Chronique

Richie Beirach

Impressions of Tokyo

Richie Beirach (p)

Label / Distribution : Out There / Out Note

Il y a d’un côté la musique et de l’autre côté le monde. Le monde comme il tourne, comme il va. Ou comme il ne va pas très bien…
Quand on invente une musique qui a pour référence la ville que l’on aime et que cette ville est Tokyo - une ville dont on ne sait ni où elle commence ni où elle finit -, on peut penser qu’elle fera naître mille références dans la tête de ses auditeurs. C’est le cas du dernier disque en date du pianiste Richie Beirach, paru dans le cadre d’une série - remarquable - sur le thème de la ville que le producteur Jean-Jacques Pussiau a commandée à différents pianistes.

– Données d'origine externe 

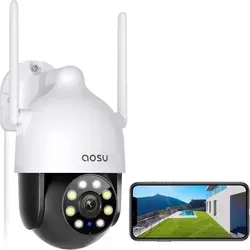 Aosu 2K Outdoor Wi-Fi Kamera mit Nachtsicht - Hochauflösende 2K-QHD Überwachungskamera mit IP65 Wetterschutz, automatischer Personenverfolgung und Zwei-Wege-Audio. Ideal für den Außenbereich, um Ihr Zuhause sicher zu überwachen.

Impressions of Tokyo, Ancient City Of The Future a été réalisé quelques mois avant les événements dramatiques qui ont frappé la péninsule en 2011. Il est cependant impossible de ne pas y penser, et cela suscite tout de même images dans nos têtes et sentiments dans nos cœurs. Richie Beirach évoque-t-il, en introduction, les lumières de Tokyo la nuit, les cerisiers en fleurs, les jardins zen, le cinéma de Kurosawa ? En fait il ne nous « dit » rien, en ce sens qu’il ne décrit rien. Le titre de l’album, en revanche, dit au moins deux choses. D’abord, sa fascination pour cette ville qui transcende le temps, l’Histoire, voire les événements les plus terrifiants. Puis, paradoxalement, il nous dit que le pianiste n’a peut-être, en effet, aucune histoire à nous raconter. Car son propos est plutôt de nous faire partager les impressions, sensations, émotions que cette ville lui suggère à lui. Planent avant tout sur cette musique la culture ancestrale et très contemporaine à la fois du Japon - telle est est Tokyo, et peut-être le pays tout entier : à la fois passé, présent et avenir. Il serait vain de tenter d’appréhender avec nos repères occidentaux l’attitude du peuple japonais face aux catastrophes naturelles et humaines (la fusion des réacteurs nucléaires ne relevant que de l’aveuglement des hommes). Elle est, dans une certaine mesure, « hors du temps ». En tout cas, elle ne relève pas d’une temporalité qui se donne l’avenir et le progrès comme uniques objectifs. Pour supporter la douleur il faut certes espérer, mais surtout savoir que le passé reste présent et nous projette au cœur de notre propre destin.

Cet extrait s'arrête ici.